Soccer Magazine

Juventus Sonata: Third Movement. The Land of Canaan (Andante Rubato)

By Sgulizia @catch22soccer
Juventus Sonata: Third Movement. The Land of Canaan (Andante rubato)

(Illustration: Franco Matticchio)

Rarely did Franco Matticchio—a talented illustrator from Varese who is a regular contributor to L’Indice and ViviMilano, as well as a cover artist for the publishing house Garzanti—give such proof of domestic claustrophobia as in this bathroom scene. A man is watching TV with a pipe and a Fedora hat, his long nose sharp and intrusive like the beak of a sad parrot, his thin shoulders raising from the toilet like a rusty hook; the woman sinking in the bathtub, alongside ominous and weird animals, is a miniature of ceremonious fear and coloristic virtuosity: her intensive gray juxtaposed against the leaky red spreading beneath the knife in the sink.

I described this illustration at some length because I am allowing myself to imagine that the old viewer is applying himself to a Juventus match, circa 2008 or 2009, at a time in which the club’s national affairs were administered by lawyers specially raised up by the Lord and there were fourteen judges, in a lapse of several mediocre coaches and overvalued players, who exercised in succession the office of chief magistrate. At that time, besides tributaries and slaves, the Juventus nation must have amounted to near twelve or fourteen million souls. Such black-and-white tribes, before they found a new king in a restless Agnelli pupil, formed separate republics, each having specific bounds, and each preserving its own chiefs and elders. (Their bloggers are never found without the insignia of office or without proofs of affluence, combining the intimate and the monumental, the ceremonial and the everyday, Piedmontese curiosity and Southern anxiety—trying to subdue their countless adversaries with the stubborn zeal of the Israelites, perpetually unease that the Sidonians were never conquered and the Philistines, though for a time under their dominion, continued to be a distinct people until the days of Judas Maccabeus.)

Indeed, the Juventus blogger grew up to be a man of difficult character, to speak delicately. A proud fat man sprawled out in an armchair surrounded by his wife and children; hanging memories of Sivori, Platini or Zidane as stone portals leading to further splendors; the dullness of the present—like a noir d’ivoire in a Louvre portrait—inspiring spite and discomfort; the background behind the couch becoming an undifferentiated and sonorous canvas of swearing; irregular stripes of deep juicy browns leaking from the perpendicular axis of Chiellini’s gung ho defending. . .

The Juventus tribes have always been, however nomadic, very international—their unrivaled presence in the U.S., a wordly reward for the industriousness of the club’s founding fathers.
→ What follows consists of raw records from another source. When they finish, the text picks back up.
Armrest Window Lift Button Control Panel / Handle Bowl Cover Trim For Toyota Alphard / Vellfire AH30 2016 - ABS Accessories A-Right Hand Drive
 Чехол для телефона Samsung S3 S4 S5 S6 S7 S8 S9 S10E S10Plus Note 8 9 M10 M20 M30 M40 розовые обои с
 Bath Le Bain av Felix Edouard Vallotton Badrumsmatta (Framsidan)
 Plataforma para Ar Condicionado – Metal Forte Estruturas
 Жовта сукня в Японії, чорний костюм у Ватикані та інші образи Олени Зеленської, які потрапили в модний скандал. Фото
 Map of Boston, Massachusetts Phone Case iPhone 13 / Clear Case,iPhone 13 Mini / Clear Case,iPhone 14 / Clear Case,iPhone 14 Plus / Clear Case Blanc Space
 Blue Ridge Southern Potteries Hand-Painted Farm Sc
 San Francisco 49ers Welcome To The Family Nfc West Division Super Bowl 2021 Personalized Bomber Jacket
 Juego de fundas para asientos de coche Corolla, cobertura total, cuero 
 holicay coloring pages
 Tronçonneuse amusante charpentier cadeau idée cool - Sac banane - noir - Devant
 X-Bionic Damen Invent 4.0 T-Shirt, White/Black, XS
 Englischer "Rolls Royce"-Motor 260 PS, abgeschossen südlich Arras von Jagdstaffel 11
Overtime, they formed a bond of union, which united them into one federal State: the worship of Luciano Moggi. With few exceptions (I among them) every ordinary supporter dreamed of reliving Moggi’s heroic age, when even the markedly corpulent players, like Alen Bokšić, could move with an almost dancelike grace, and the Director’s psychological inquisitiveness seemed to border on prophesying.

Juventus Sonata: Third Movement. The Land of Canaan (Andante rubato)

Terboch, The Flea-Catcher, circa 1655 (Munich, Alte Pinakothek)

Despite his later desire to create a whole gallery of similar works, as in a painting within a painting, Moggi entered soccer history as a painter of genre themes and a portraitist. He practiced his craft with success, most likely owing much to contacts made across the Alps, during the numerous and quiet trips of a textile merchant from Haarlem. (Moggi acknowledged only closed, delimited spaces.) He delayed his deals, was fussy, grumbled, and he considered that the sum of 500 guldens, for any of his players, was decidedly too low for a transfer. He needed at least four months to execute a picture, and when he was so busy that he had to put aside other urgent orders, he played the part of the concentrated boy who is studying the secrets of arithmetic. No contemporary painters, and few of their descendants, possessed to such a degree a business acumen based on two firm principles: never to go below the honorarium designated by the painter, and to value yourself highly in order to be valued by others. Moggi was an unsurpassed painter of coalescing young footballers (his office swarmed with models). The majority of managers painted players as chubby cherubs, or dolls clothed in costumes modeled on the functional design of some formations, creatures deprived of their own life and personality—chrysalides looking at us with idiotic expression, or larvae, unfinished dwarfish forms of soccer species. Yet Moggi, his smoking fingers moving along the skin of the footballing animals, secured success in the profession, enclosing with the player also clothes, long and short brushes, paper, chalk, and all the beautiful paints of the craft.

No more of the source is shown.